Innovative finance, at the end of the day, will need global collaboration because most concerns cross-border activities: whether a climate fund or a financial transaction tax. So again, it has to come at a higher level of change in mindset. I see the movement from a very eighth century discussion to a multiple financial instrument centric discussion leading to systemic change. This will be the way forward to approaching innovative finances and that is the direction we will have to move into.
I take your point that there’s a lot of attention paid to ODA, but of course the very nature and definition of ODA could soon be set to change to include lots of different things, including concessional loans and so on. Is that a game changer?

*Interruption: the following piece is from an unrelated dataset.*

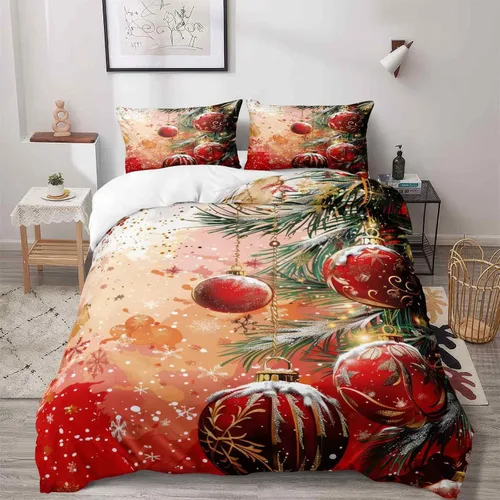 Miniatura 18 de Herside Juego de funda de edredón de Navidad, tamaño Queen, colorido patrón navideño impreso, bonita decoración navideña, microfibra suave, funda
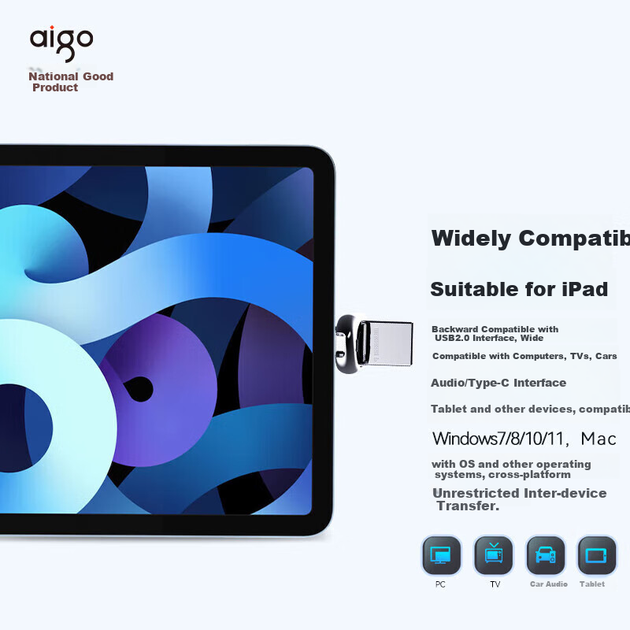 Флеш-накопичувач Aigo 256 ГБ типу C USB 3.2 з двома інтерфейсами U358 сріблястого металу міні-версія з прямим підключенням до телефону та комп'ютера, подвійного призначення, компактний, милий для студентів - изображение 5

The most important thing that is changing is that its role as a share in the total financial flow is going down. You see, even if tomorrow, or in the next five years developed countries fulfil their much awaited promise of 0.7 percent of [gross national income], it will still be a minuscule part of the overall financial flow — so we should not really get over excited about it. The real issue is how, in the future, we strategically use that very precious grant aid in a particular way in order to mobilize other resources. It is the catalytic role of ODA that will become much more important in future.
Aid is important, but it is time we looked beyond aid. In order to finance the future we would have to look for more blended finance, where aid will be used as a catalyst. In order to make good use of all this we’ll have to have domestic reforms, starting from strong institutions, improved governance, access to justice, all those things. And last but not the least, the world has to change as well. The way they used to do business, the way they used to structure the financial flows, has to change as well along with these issues.
So yours is a call for a sea change?
It’s what the EU calls a paradigm shift. It is time to call their bluff. If they really mean paradigm shift, let’s have it. If not, we’re going to expose it.
And will actors like the EU really put their cards on the table in Addis?
Yes, I think the global community is much more aware than before, and I think developed countries are also looking for win-win solutions. … There are so many global threats at this moment, in the security area, in terms of health issues such as Ebola and others, that it really is time to come together.